К феминизму я отношусь с пониманием. Я «слышу» голоса женщин, недовольных тем, что мир устроен на патриархальных принципах. Просто я не знаю, что такое феминизм сегодня. Раньше это было движение за права женщин. Они их получили наравне с мужчинами. Сегодня это движение за что, против чего? Они ведь и между собой не могут договориться. Но, в отличие от многих мужчин, я не считаю, что феминистки — это просто некрасивые девушки, которые не могут выйти замуж. Это серьезное движение, но очень пестрое.

— Герои ваших книг, будь то такие титаны, как Горький и Толстой, или трагически погибшая Лиза Дьяконова, пережили серьезные семейные драмы. Исследуя их судьбы, вы находили какие-то закономерности? И прав ли Толстой, утверждая, что «все счастливые семьи похожи друг на друга, каждая несчастная семья несчастлива по-своему»?

— Если женщина или мужчина не пережили семейной драмы — значит, он или она никогда не были замужем или женаты. Я знаю только одну счастливую семью в русской литературе: «Старосветские помещики» Гоголя. Жаль только, жить этим старичкам недолго. Семья — это всегда драма, драматургия, «ролевая игра», неужели не понятно?

Что касается сентенции Толстого, которой он начинает «Анну Каренину»… Толстой для меня — литературный Бог. Но если бы я был редактором его романа, я бы вычеркнул эту фразу в первую очередь. Это же такой бессмысленный «мем», который тиражируют с умным видом уже полтора века. Не похожи счастливые семьи друг на друга, а несчастливые, наоборот, имеют общую типологию. Да простит меня Лев Николаевич, но это не самое умное, что он написал.

— Вы недавно завершили роман о писателе, задумавшем написать любовный роман. Что это?

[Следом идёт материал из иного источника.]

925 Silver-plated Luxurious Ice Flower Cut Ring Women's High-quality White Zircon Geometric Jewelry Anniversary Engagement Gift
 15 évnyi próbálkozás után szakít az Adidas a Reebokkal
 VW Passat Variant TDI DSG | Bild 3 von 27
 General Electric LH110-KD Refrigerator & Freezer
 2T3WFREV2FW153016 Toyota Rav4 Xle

— Это и литературная игра, и не игра. Роман называется «Любовное чтиво» (только не напоминайте о глупой песне Тимура Шаова, от которой сходят с ума домохозяйки!), и в нем несколько сюжетов. Один из них — да, о том, как «серьезный» и очень известный писатель пытается поработать в массовом жанре и терпит фиаско, а в это время в его жизни происходит настоящий любовный роман, с очень запутанной и почти детективной интригой, которую я не буду раскрывать. В моем романе много пародийного элемента, надеюсь, что местами он довольно смешной. В то же время это вполне серьезная психологическая проза о любви, верности, ревности, ненависти, отцах и детях… и далее по списку.

Позволю себе устроить заманку для читательниц. Одной из главных героинь романа является… собачка, ирландский шпиц. Сегодня дико популярная порода!

— Сейчас применительно к современным писателям говорят о «языковой брутальности». Как вы это понимаете?

— Давайте не будем ходить вокруг да около. Речь идет о нецензурной лексике, которая в советское время в литературе была запрещена. Я в принципе против нее, если ее можно избежать. Когда мне говорят: ну, ведь в жизни-то матерятся, — я отвечаю: у нас есть великая проза о Великой Отечественной войне, где нет ни слова мата. А на войне матерились, да еще как! Но в какой-то момент я сдался, каюсь. Мат, если с ним работает мастер, придает литературе и кино своеобразную энергию. А вот в театре я слышать мат не могу — не знаю почему.

В моем романе нецензурная лексика минимальна, я ее буквально на аптекарских весах взвешивал. Но, увы, на обложке книги, которая уже готовится к выходу, будет и сакраментальное 18+, и «содержит нецензурную брань». Наверное, я зря это сделал. Но после того, как на моей невиннейшей книге «Лев в тени Льва», о третьем сыне Толстого, поставили гриф 16+, запечатали книгу в целлофан и не продали моей студентке Литературного института, потому что у нее не было с собой паспорта… я понял, что уже можно пускаться во все тяжкие. Шутка!